Personal loans are taken for multiple purposes; these are unsecured loans and are offered by financial institutions at high rates. Defaulting on any loan can impact the credit rating negatively. Any loan default involves paying late/missed payment charges and interest on the overdue amount as well. Below we look at the common causes of default on personal loans:
Personal loans are taken for miscellaneous purposes and unlike in the case of an auto or home loan there is no LTV ratio. The applicant can apply for a loan amount as per his/her choice and requirement and lenders sanction a loan based on the income levels of the applicant along with a few other factors. Lenders check debt to income ratio, credit reports and income statements before accepting the loan application. However there might be times when the borrower may still manage to borrow more than he/she can afford to repay as EMIs. Borrower may find it difficult to pay the installments due to a rise in expenditure or fall in income, whether expected or unexpected. Before applying for a loan assess your future inflow and outflow so that you borrow only the amount for which you are able to repay the EMIs.

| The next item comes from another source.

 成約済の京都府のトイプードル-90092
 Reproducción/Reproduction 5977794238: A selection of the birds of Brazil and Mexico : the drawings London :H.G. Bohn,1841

Another common cause for default is lack of planning. If you have taken a loan or loans then you know what your EMI burden would be for each month so you must ensure that you manage your finances in such a way that the EMIs are not missed. Make sure that the basic payments and the installments are paid before you make any non-necessary or discretionary expenditure. In case at some point of time you feel that you will not be able to service a loan then it is better to get in touch with the lender. The lender may restructure the loan so that you find it easier to service the loan due to a bigger tenure and lower EMIs.
There might be times when a borrower defaults because of being irresponsible and forgetful. Lenders check the CIR before accepting a loan application, if there have been cases of default in the past then getting a personal loan for CIBIL defaulters will be difficult. However if there were no defaults in the past or one does manage to get a loan despite defaults then it is important that there are no further defaults. Defaults may happen if the borrower forgets to pay the dues on time or does not fund the account in time for the EMI to be deducted due to sheer negligence.
Defaults may also happen because the borrower has no intention of repaying the amount he/she has borrowed. Here it's not the inability of the borrower to repay the dues or forgetfulness that is the cause of default but the borrower has no desire of repaying the dues. Personal default cases hit the lenders the hardest as there is no asset as in the case of a home loan or auto loan which can be repossessed to recover the amount. Keeping this risk in mind personal loans are sanctioned at higher interest rates. It is important to mention here that any default whether willful or otherwise is reported to the credit rating agencies and impacts the credit rating of the individual thereby making it difficult to get a loan and in some cases even a job in the future.
Irrespective of the type of loan or one must always ensure that they borrow responsibly and follow the basic tenets of staying credit healthy. Going through your credit report once in a while keeps you updated about your credit health.